For people like me, socializing is very much an act of self-care. I go through stages where I’m around everyone a lot of the time and can be very social, but I may unexpectedly withdraw a little and I end up with several voicemails, texts or emails from people wondering if I’ve dropped off the face of the earth. I consciously make an effort to see people I care about and that means planning ahead and setting dates. This doesn’t mean I can’t spontaneously see people, but if I were to count on that, the same person may ask me to see them without any notice every time I really don’t feel like it and what kind of company would I be. Everyone deserves times where they have undivided attention … I do, you do, we all do.
For me, it is rare to just need anyone. I am always there for my loved ones and maybe even concern myself too much with their problems, but when it comes to the self-care aspect of spending time with people, I can feel this sort of pull towards a certain person at any particular time and it depends on how I’m feeling. Sometimes it is my turn to be there for someone and I am, whether I want solitude or company.
These days, there is one person in this world that I find myself gravitating to all the time. She is an inspirational powerhouse of attitude. She’s feisty, adventurous, fun, says what she thinks, and walks around unashamed. If she could, she’d do whatever she wanted. She’s beginning to learn the world doesn’t work like that but she tries … how she tries!
She doesn’t question her actions and she takes what she sees for face value. Doubt is rare and skepticism is unknown to her. Still, she can hold my hand or caress my face when I’m sad. She instinctively notices the nuances of a person better than anyone else I know. There is nothing constructive about who she is: masks aren’t just off … they were never there to being with. There is no hesitation to touch and express love – and I see divinity every time I’m with her.
She doesn’t worry about much these days. For the most part, she lives in the present and that is all there is for her. She interacts with everything she comes across – she tastes, touches, smells, sees life with little, if any, effort or outside influence. She can be an utter tornado but she can also be a delicate flower. I’m in awe of her and people often miss out on all the lessons she has to offer. She never goes unnoticed, but what others notice aren’t the important things she teaches us just by being … untarnished still by the harsh realities of the world.
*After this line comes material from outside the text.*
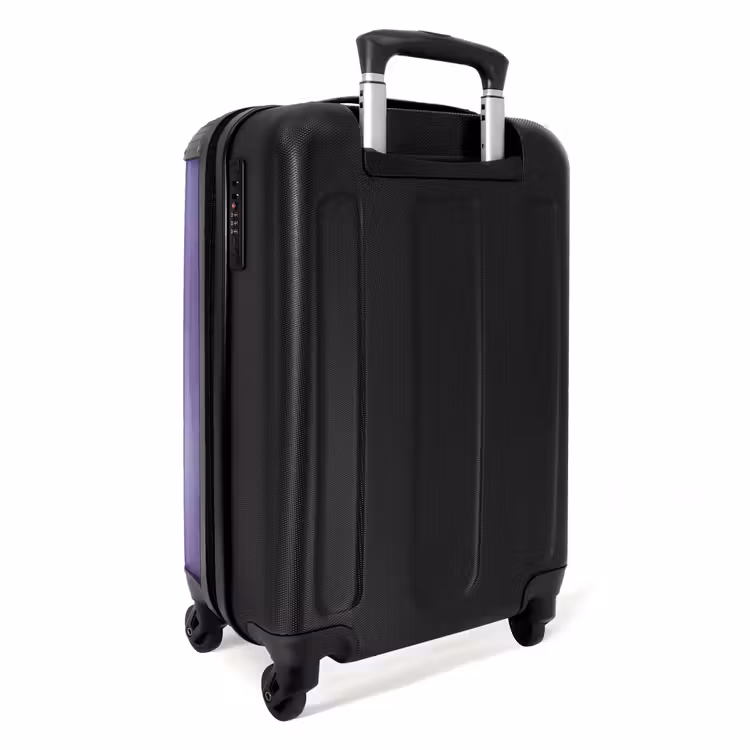Gele auto met roze vlammen NBS - Handbagage koffer - Kinderen Unisex middel -achterkant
At this moment in my life, my two and a half year-old niece is the most influential person in my life. She is still untainted by the hurdles life throws at us even though she has her own hurdles and they are very real to her. She does not worry who sees her fail and fails as many times as she needs to in order to master something … and her confidence is impressive. She is trying things out and learning along the way. She doesn’t shy away from challenges. She loves to say ‘no’ and loves to say ‘yes’. She greets me with, “Hello Leni, I missed you.” When I leave she tells me she loves me and thanks me for playing with her … able to feel my love for her but unable to comprehend the gratitude I have. Children are incredibly courageous in many ways – at this age, she just says what she means and there is nothing more refreshing in a world where people rarely say what they mean or what they want. There is nothing more appealing to me at this time in my life, no greater self-care at a time when bravery is so essential, than to be with this little person.